**WORK REQUIRED:** Omit the images. Restate all of the records word for word.

**INFORMATION:**
Start of Block

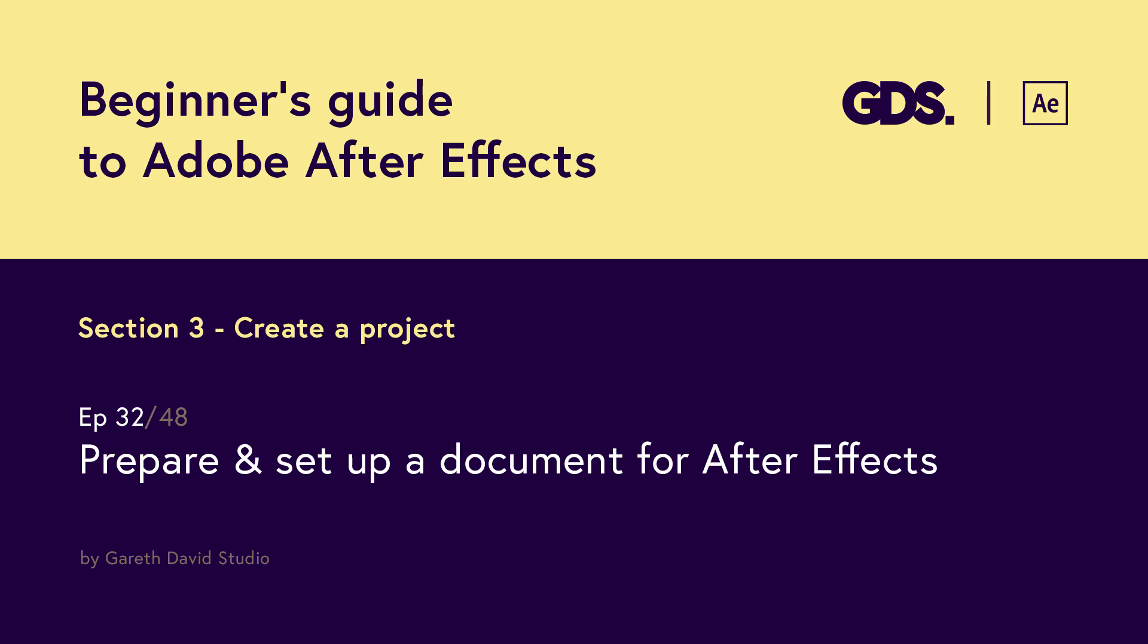Hello and welcome to the 30 second video in this beginner's guide to Adobe After Effects. In this tutorial, I'm going to demonstrate how you can prepare for a new project and set up a new document in After Effects.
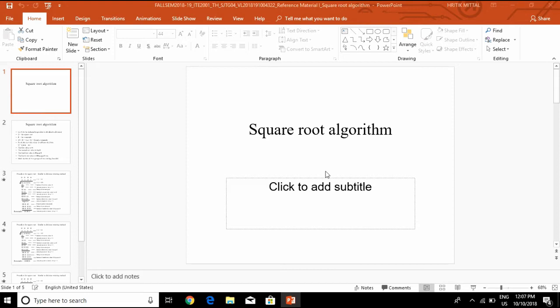Now we will be discussing about the square root algorithm and for better understanding I will be taking an example. But before going to the example, let's see what are the various parameters for the square root algorithm.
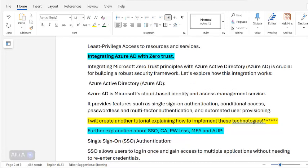Integrating Microsoft Zero Trust principles with Microsoft Azure Active Directory is crucial for building a robust security framework. Azure AD is Microsoft's cloud-based identity and access management service.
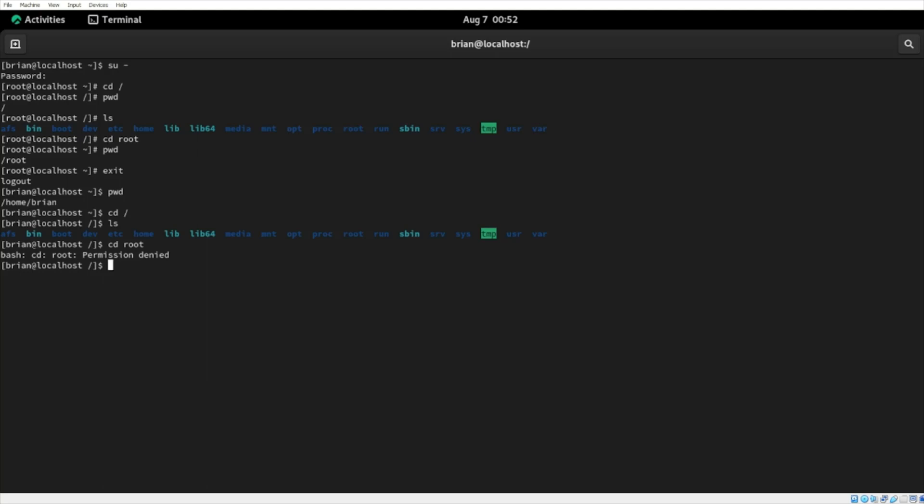And a message popped up saying permission denied. I don't have access to it. Now, root users have the capability to modify access to the root home directory for ordinary users like Brian here. But beware, this can potentially lead to security vulnerabilities. So my advice to you is only grant permissions to ordinary users when they need to perform their specific tasks and no more.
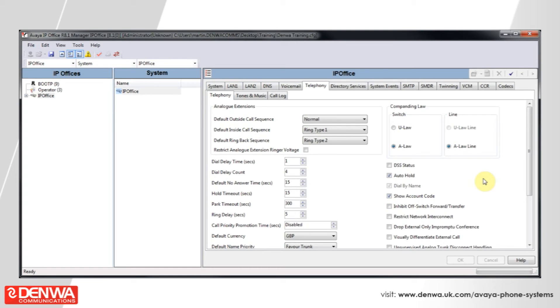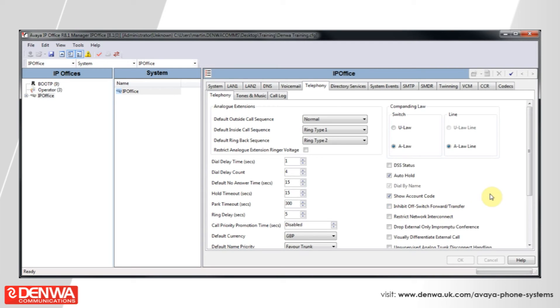Tones and music will allow you to define the system-wide music on hold source. So at the moment, this hold music is set to be a single WAV file. If you select the drop-down there,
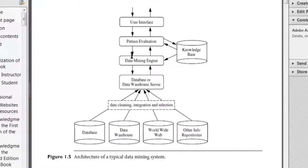That is pattern evaluation. The next component is the data mining engine. In the data mining engine, we already discussed techniques in the syllabus — that is associations, correlations. These are the techniques used in data mining.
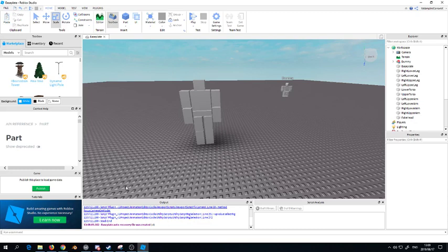What's up YouTube, VanHakon here. Today I'm going to show you how to make an animation for a custom model.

End of Block

**ANSWER SECTION:**
Hello and welcome to the 30 second video in this beginner's guide to Adobe After Effects. In this tutorial, I'm going to demonstrate how you can prepare for a new project and set up a new document in After Effects.
Now we will be discussing about the square root algorithm and for better understanding I will be taking an example. But before going to the example, let's see what are the various parameters for the square root algorithm.
Integrating Microsoft Zero Trust principles with Microsoft Azure Active Directory is crucial for building a robust security framework. Azure AD is Microsoft's cloud-based identity and access management service.
And a message popped up saying permission denied. I don't have access to it. Now, root users have the capability to modify access to the root home directory for ordinary users like Brian here. But beware, this can potentially lead to security vulnerabilities. So my advice to you is only grant permissions to ordinary users when they need to perform their specific tasks and no more.
Tones and music will allow you to define the system-wide music on hold source. So at the moment, this hold music is set to be a single WAV file. If you select the drop-down there,
That is pattern evaluation. The next component is the data mining engine. In the data mining engine, we already discussed techniques in the syllabus — that is associations, correlations. These are the techniques used in data mining.
What's up YouTube, VanHakon here. Today I'm going to show you how to make an animation for a custom model.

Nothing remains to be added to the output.